▸ **TASK TO COMPLETE**: Reproduce every record below exactly as written, but leave out any pictures.

Dataset records
______

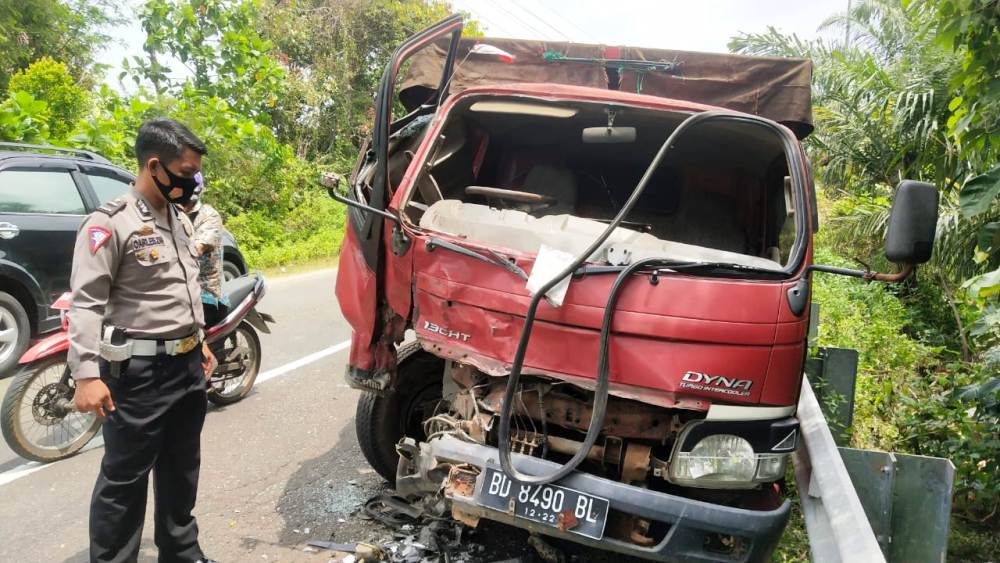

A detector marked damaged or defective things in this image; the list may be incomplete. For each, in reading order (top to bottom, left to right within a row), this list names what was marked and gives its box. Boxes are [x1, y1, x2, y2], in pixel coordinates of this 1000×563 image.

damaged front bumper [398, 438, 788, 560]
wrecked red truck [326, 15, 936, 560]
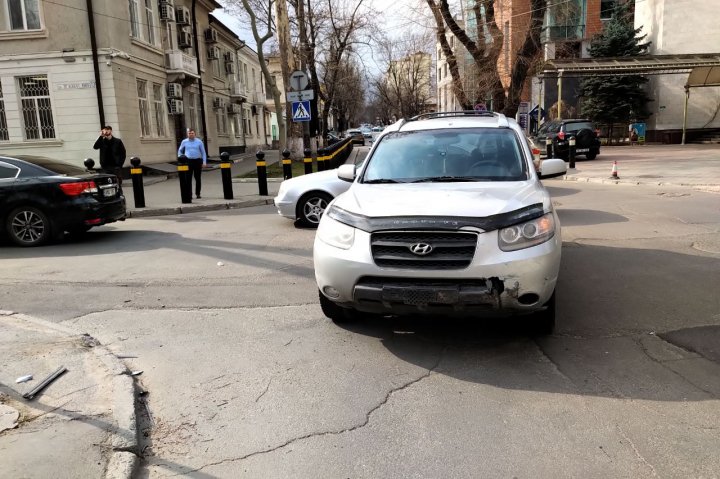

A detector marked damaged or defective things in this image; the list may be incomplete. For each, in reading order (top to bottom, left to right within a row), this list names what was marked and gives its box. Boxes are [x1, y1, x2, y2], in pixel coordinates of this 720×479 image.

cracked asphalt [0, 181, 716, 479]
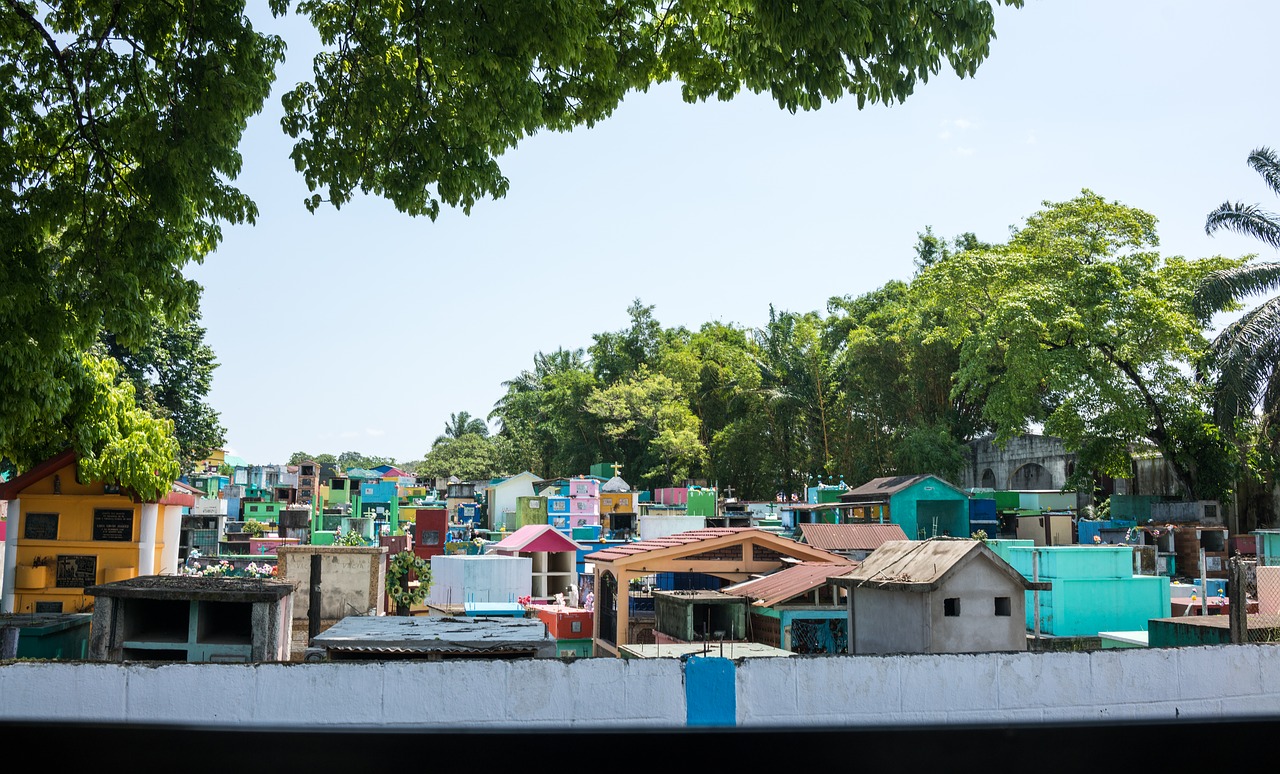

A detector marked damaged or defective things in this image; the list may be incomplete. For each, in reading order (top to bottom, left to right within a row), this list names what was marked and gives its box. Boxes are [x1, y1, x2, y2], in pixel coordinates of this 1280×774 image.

______

▸ **TASK ANSWER**:
A detector marked damaged or defective things in this image; the list may be incomplete. For each, in reading order (top to bottom, left to right within a row), this list names what was marked and gives its box. Boxes are [x1, y1, x2, y2], in pixel coordinates of this 1000×563 image.

damaged front bumper [398, 438, 788, 560]
wrecked red truck [326, 15, 936, 560]

A detector marked damaged or defective things in this image; the list may be incomplete. For each, in reading order (top to bottom, left to right within a row), this list names what was marked and gives its box. Boxes are [x1, y1, x2, y2], in pixel coordinates of this 720×479 image.

cracked asphalt [0, 181, 716, 479]

A detector marked damaged or defective things in this image; the list may be incomplete. For each, in reading order (top to bottom, left to right within a row), this list names what was marked and gives its box. Boxes are [x1, y1, x2, y2], in pixel coordinates of this 1280×774 image.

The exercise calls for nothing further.